Nothing But Words, Jean Stephens
Naked Eye Publishing, 2020 £6.99
The dead speak volumes
This pamphlet looks back over the poet’s life, and asks whether enough was said. The inevitability of an ending, and sense of loss, is in every poem. I was quickly drawn into the spirit of this strange space between life and death: ghosts populate the poems and I realised, as I read, that they often have more to say than the living.
In ‘If Sylvia Plath was my best friend’ (written ‘after Nina Mingya Powles’), we are told:
She’d be edgy as a sheep protecting lambs.
Her nostrils would twitch at smells
my nose couldn’t pick out
[...]
she’d give me that girlie talking-to
as we hovered at the edge
[...]
although she helped me
find phrases for the dark, not one
of my words could help her at all
It’s this axis that many of the poems revolve around: the dead speak to us, but there’s no pathway back for our words to reach them.

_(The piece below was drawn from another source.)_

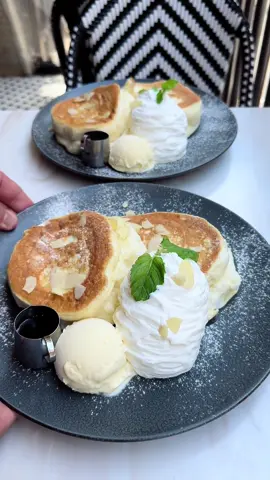 新宿で食べられる飲めるパンケーキ！ふわふわなパンケーキは蜂蜜との相性抜群です！ 「caldo」 📍 東京都新宿区西新宿7-8-6  #japanesefood #japanfood #japan #tiktokfood #東京グルメ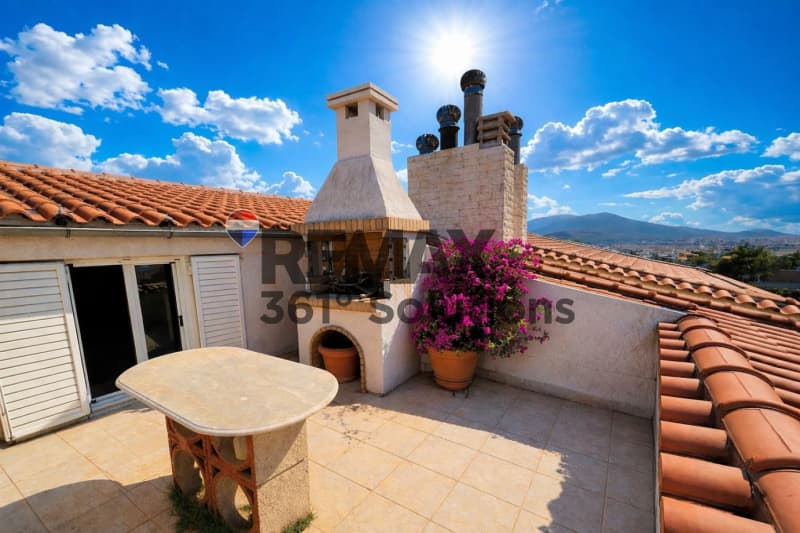 House in Center, Gerakas — Photo 21 of 23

It’s the ghosts who bring the collection alive. In ‘Midnight in Claret and Blue’ a football pitch is the setting, as the poet watches one of her long-dead ‘heroes’, Stanley Matthews, ‘deftly / weave the ball past everyone’. And some of the ghosts are family members. In ‘I still hear Uncle Stan’ his words every Christmas — delivered from his ‘plantless concrete back yard’ — end with the phrase:
You are nearer to God’s heart
in a garden than anywhere else on earth
In ‘The people who live inside me’ there’s a long list of sayings from a ‘mesh of voices’ including:
You’d better be a good girl or those lions
outside the town hall will gobble you up
In ‘The path’ the father, ‘his work-worn hands heavy with / love’, does not turn back for ‘one last look’. And the closing poem, ‘Shall we talk’, begins with: ‘or shall we go quietly into the evening’. Here, Dylan Thomas is spirited up — though this poem advocates acceptance rather than rage in face of the inevitable.
The pamphlet left me with a deep sense of sadness — all the more poignant for the voices of ghosts.